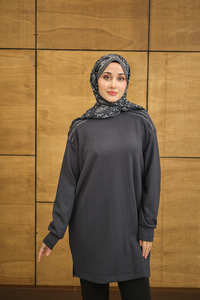 Bisiklet Yaka Omuz Taş Detay Regular Viskon Tunik Antrasit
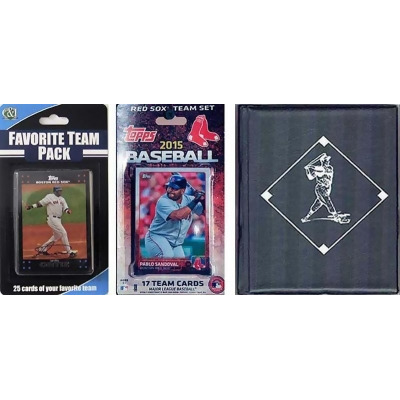 CandICollectables 2015REDSOXTSC MLB Boston Red Sox Licensed 2015 Topps Team Set & Favorite Player Trading Cards Plus Storage Album 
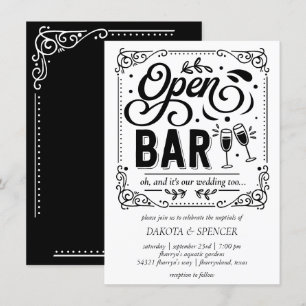 Open Bar (and Wedding)   Casual Micro Wedding Invitation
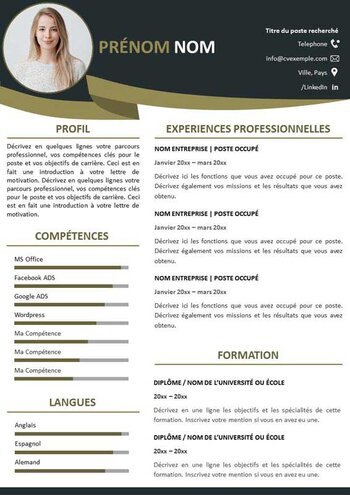 Modèle de CV à remplir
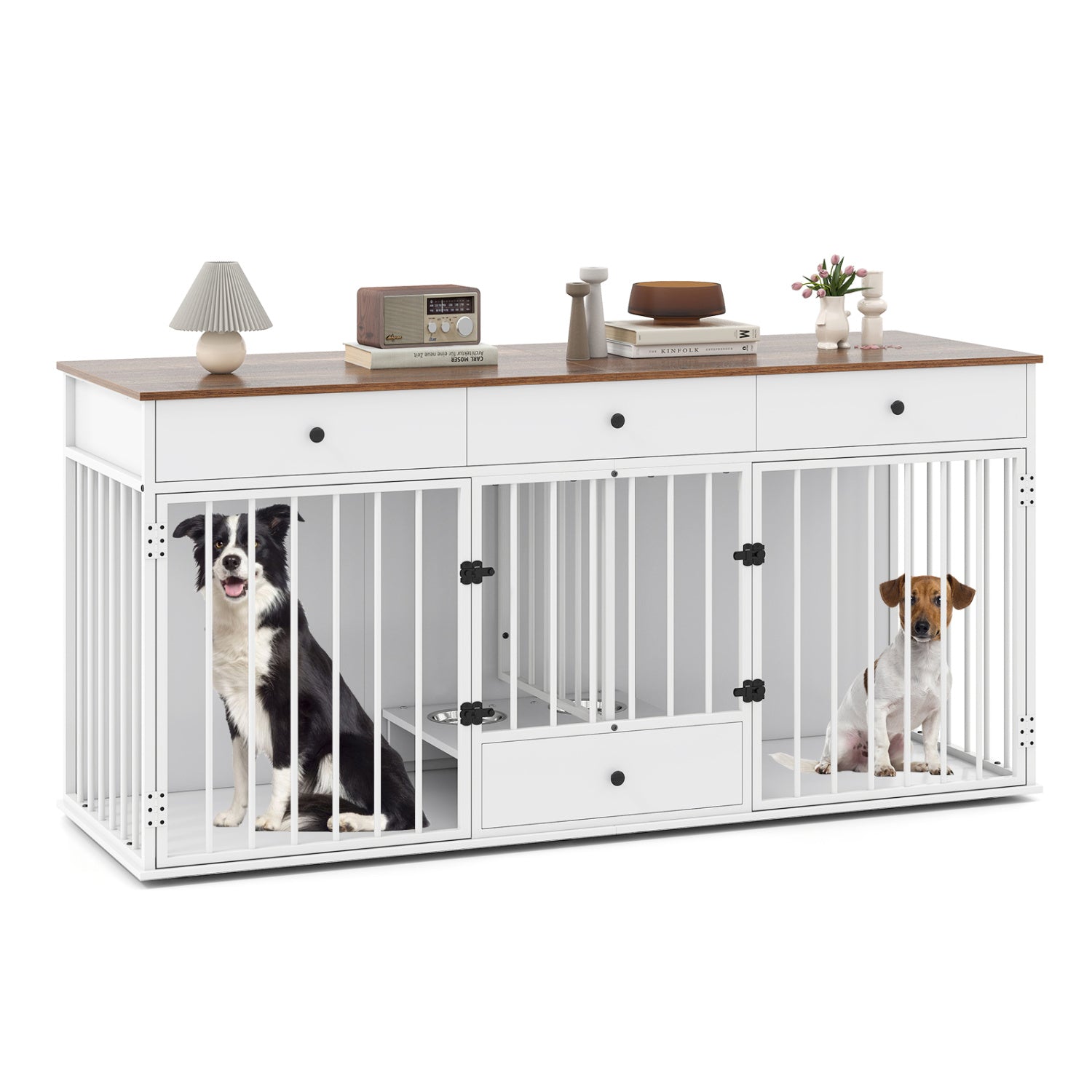 Dog Crate Furniture Indoor Modern Dog Kennel with Divider 3 Drawers and Pull-out Feeder
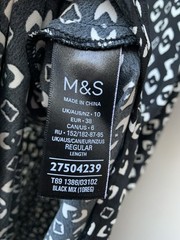 M&S Midi Dress UK 10 Black White Long Sleeve Asymmetrical Hem Lightweight NWOT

* **Task details**:
Say again, word for word, every line from the one with "CandICollectables 2015REDSOXTSC MLB" through the last line of the data above, minus the pictures.

* **Result below**:
 CandICollectables 2015REDSOXTSC MLB Boston Red Sox Licensed 2015 Topps Team Set & Favorite Player Trading Cards Plus Storage Album 
 Open Bar (and Wedding)   Casual Micro Wedding Invitation
 Modèle de CV à remplir
 Dog Crate Furniture Indoor Modern Dog Kennel with Divider 3 Drawers and Pull-out Feeder
 M&S Midi Dress UK 10 Black White Long Sleeve Asymmetrical Hem Lightweight NWOT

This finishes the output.